UV pistol-start, Risen3D, frequent saves, keyboard-only

Damn, but I fell far behind. I'd like to apologize to the BTSX team for this, and can only say that the last few months have been the busiest period for me in the last 2 years, so I keep falling behind on everything. I do hope my lengthy rantings and ramblings are somewhat helpful to the mappers, and in order to not deprive you of a SteveD Skyscraper of Text, I WILL finish this mapset this month, even if I have to not play whatever the club picks for the end of the month. My vote was the same as Memfis, for Serenity, as I'd like a bit of olskool Ultimate Doom action after porking-out on 85 million fucking Revvies in BTSX. ;D

Anyway . . .

This map is a bit more like it. It has a nasty start, because it goes back to the BTSX E2 obsession with Revvies and snipers, and Revvies as snipers, and all you get is the single shotty to deal with them. This led to almost all my deaths occurring at the start and up to the SSG, making the map very front-loaded. The Chaingunner snipers in the big open area were the deadliest monsters in the entire map. In some ways, it reminds me of one of my maps, where I love to pounce on players with shitloads of hitscanners. I've read that the idea is to force the player to run into the building and keep going, but I frankly have no desire to play that way, especially when I have an Archie in front of me inside that building. So I was bound and determined to kill all the Revvies on the ground in the start area so they couldn't follow me, and to do that and have more than 5% health left over, I had to kill those Chaingunner jagoffs first. And all with a single shotty. This could be made at least more bearable with an SSG and/or a Chaingun at the start. As it was, I went inside the building to kill Chaingun Charlie and take his weapon, then went back out to get those damned snipers. A few deaths and many savescums later, I finally succeeded and began eliminating the ground Revvies, leaving most of the overhead meat snipers alive, dealing with them later when the map looped to their positions. Then I went back inside, figured out the strategy of drawing Archie to me so he could teleport into the “dry fountain,” as DotW called it, where I resorted to corner abuse to kill him with the single shotty – a drag and a half, to say the least. I'm furious with the map at this point since it seems purposely designed to be as anti-fun as possible. Just dreadful so far. Further, I found the architecture annoying here with all of its weird stairs and small height variations, and ways blocked behind you, and, just ggggaaaahhhhhh!!!!!!!!

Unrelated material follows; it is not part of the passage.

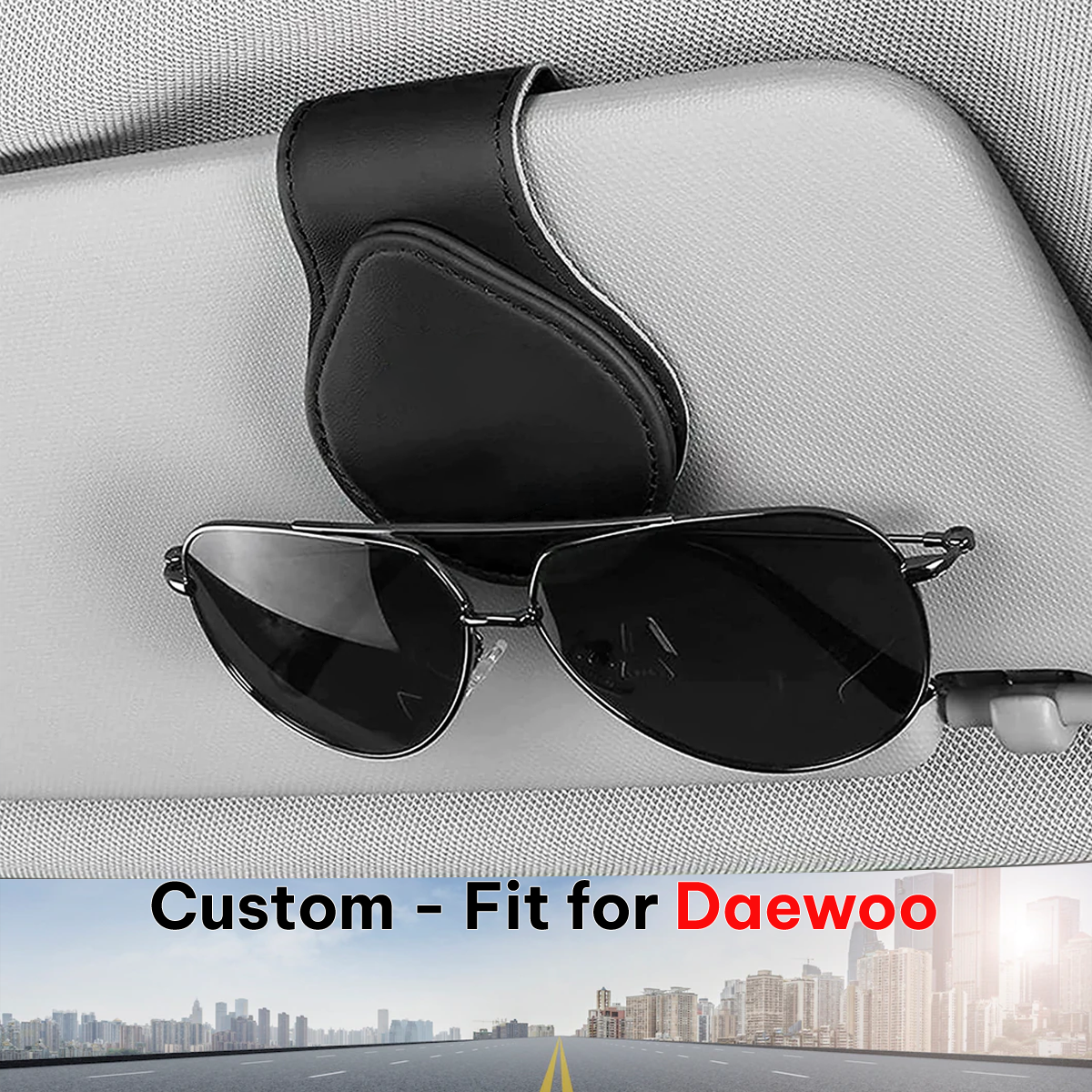 Car Sunglasses Holder, Custom-Fit For Daewoo, Magnetic Leather Glasses Frame 2024 Update DLDA230 - Delicate Leather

Then comes the SSG battle, but first Revvies teleporting in behind me as I go down Archie Hallway. So I draw them back to the teleport lines. Thrills and chills, y'all. But at least teleport traps are being used and pressure is being put on me by having them teleport in behind my back, so I'm happy. This time, I leave the Revvies to play in the dry fountain while I move ahead, and find more snipers every-fucking-where. Just a camping and corner-abuse spectacular so far as I carefully run around up and down the stairs to first clear out the overhead hitscanners and Revvies before plinking-away at the damned Arachnotrons.

At this point, finally, the worst of the map is over, and it starts to become a decent series of challenging traps and looping layouts, and some good Archie action. I died my first time through the water area where you have Mancs in front and Cacos sneaking in behind you. I survived the red key trap by savescumming after seeing what teleported in, and then just running to a chokepoint where I let loose with the rockets because Archie was one of the first monsters to come after me. Luck!

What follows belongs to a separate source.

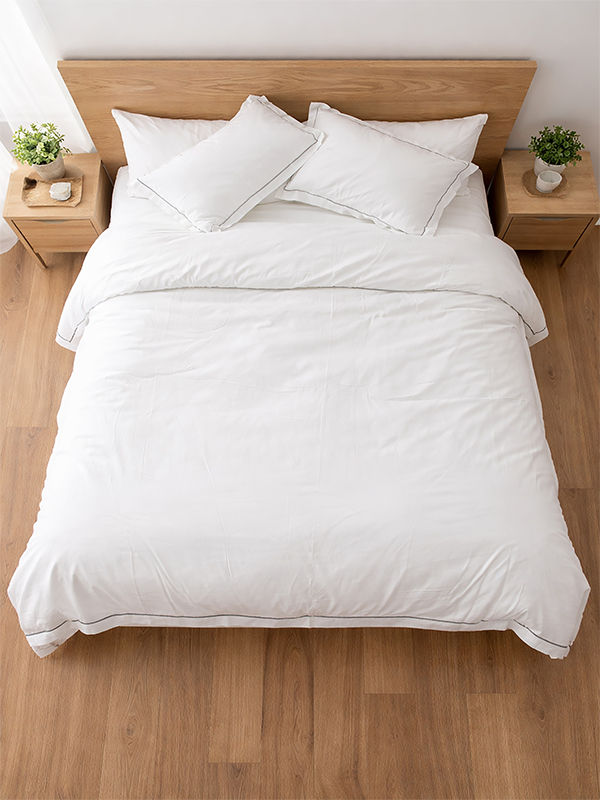 Rey's Fine Linen - Egyptian Collection - Oxford Satin Stitch Duvet Cover - Castlerock - Three Quarter(01 Set)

The battle behind the red door was interesting but needs some tuning because the damned Cacos kept getting stuck up at the top of the waterfall, a major problem for a vanilla mapset where you can't mouselook in the intended game, and it took a long time for me to clear that room because of this. Extending the waterfall to the ceiling and reducing the amount of units the floor drops could solve the problems. It was a damned good-looking room, though. I benefited in this battle from finding the secret Soulspheres one after the other before reaching the red door, which forced me to open a save so I didn't waste one. This allowed me to stand my ground and rocket that fucking Archie. Losing the health was worth it to take him out faster.

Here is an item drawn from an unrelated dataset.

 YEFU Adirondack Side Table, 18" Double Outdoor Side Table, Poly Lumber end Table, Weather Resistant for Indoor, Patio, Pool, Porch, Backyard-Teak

I grabbed the second Soulsphere prior to the final battle, but managed to get killed by Mancs while trying to kill the second Archie. The room was well-constructed to give the player many ways of tackling the fight. I succeeded when I ran up the watery steps towards the exit area to evade the Mancs and Arachnotron below, and get them infighting while I dealt with the Revvies and Chaingunners. Killing that Archie standing on the exit took a long time.

So the map is split into a horrendous opening followed by a challenging, but relatively mild set of traps and room battles. The omnipresence of Revvies, spiced with a lot of Archies and Mancs, does force you to keep moving, though, so it's quite a workout.

The map is a looker overall. Loved the arches, and as you progress and see a few more colors than grey-green, the installation becomes more attractive. The rising and falling water levels worked great for progression, and it was fun to see the opening areas transform into flooded arenas. Jimmy's “Scattered Ashes” was even better than his “Mist At Dawn” from the previous map, though Jimmy's tendency to use those high, squonky keyboard notes continues, becoming a signature of sorts.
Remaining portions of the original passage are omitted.